Between a Rock and a Hard Place

Rest assured. Terrorist threats will not deter the United States from its military occupation of Muslim lands, and we will never allow profiling of Muslims in our airports.

Some among us take considerable pride in each assertion and find no conflict between them. Public opinion is less enthusiastic, but the two cover most of the regnant status quo demanded by elite consensus.

The good news is the caliber of high-profile arrestees suggest a still shallow pool of talent from which to recruit "home-grown"—or transplanted—terrorists. The class of more capable terrorists we reasonably expected after 9-11 hasn't shown up, even now, two occupations and three wars later. Qaeda shot their wad that day, but the blow still resonates through our actions and collective psyche.
The hapless prospects the feds have helped along their way to high-profile arrests impress far more for their malice than imagination. This late in the game and we're pursuing sting operations that draw lone foot-soldiers into crude conspiracies. Arguably a manageable problem that would be improved by withdrawing from our Middle East entanglements, the ostensible purpose of which is defense against this domestic threat.

This is predicated on a charitable reception of the FBI's account. In truth, when we are introduced to Mohamed Osman Mohamud and his sexually ambiguous war-face, we should first ask if we needed to make his odious acquaintance at all. We can assume the prospect of a long, probably fruitless surveillance pales next to the "plot thwarted" for law enforcement, and it's always just a whisker's breadth to justification when you've got such as the sneer of Osman. Officials pimping the "very real" threat of a "spectacular" attack sounded a bit like a band imploring their audience to dance on the strength of a few notes. But Fox will pick it up from here, I imagine.
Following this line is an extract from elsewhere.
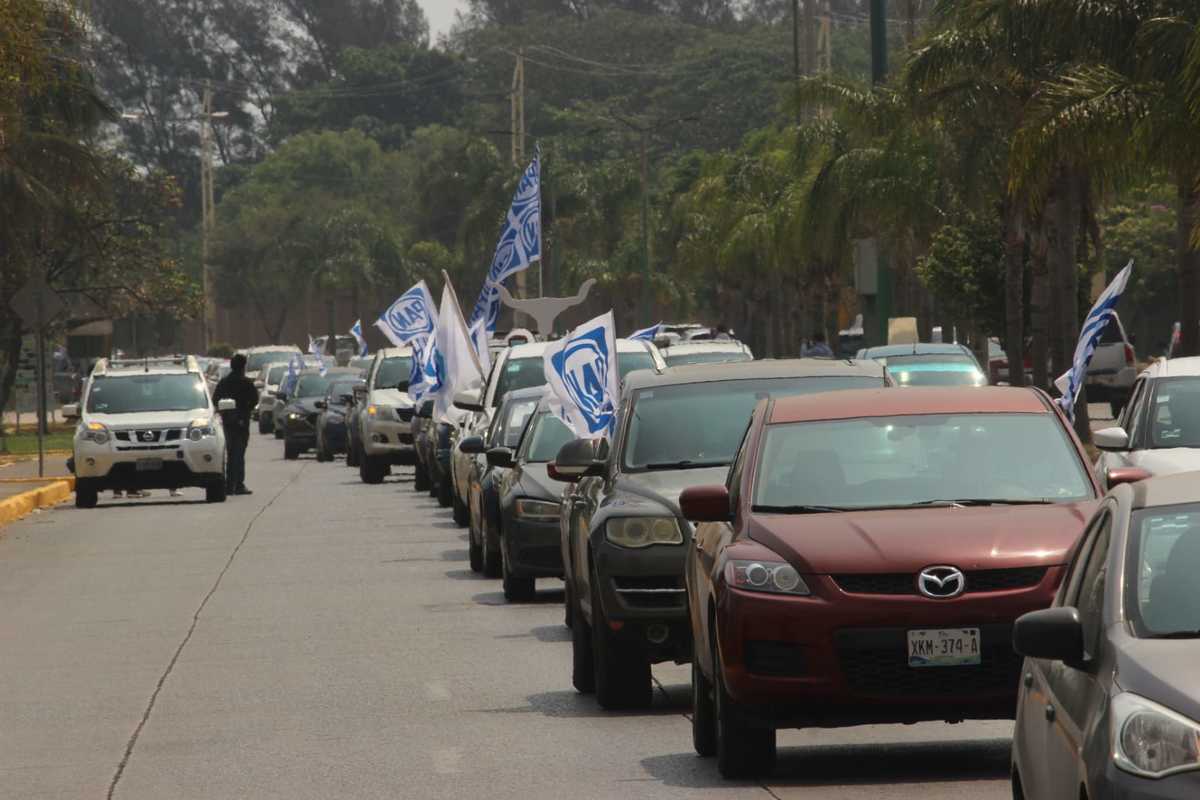 Realizan caravana de apoyo al gobernador y a candidatos panistas en Madero. (Antonio Sánchez)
If Osman is not the face of domestic terrorism we are compelled to make him the face of constitutional rights. Thanks a lot, government. And what a perfectly predictable, unreasoning face to intrude on the TSA/profiling meta-scandal, calling attention to our future reliance on diverse new Americans remaining indifferent to diverse new imperial adventures.

Sensing just such tensions, one local rag went beyond the “end of the world hits women and minorities hardest” gag:

That might explain why no Portland group is quite as shaken by the arrest and arraignment of Mohamed Mohamud than the city's Somali community, several thousand strong.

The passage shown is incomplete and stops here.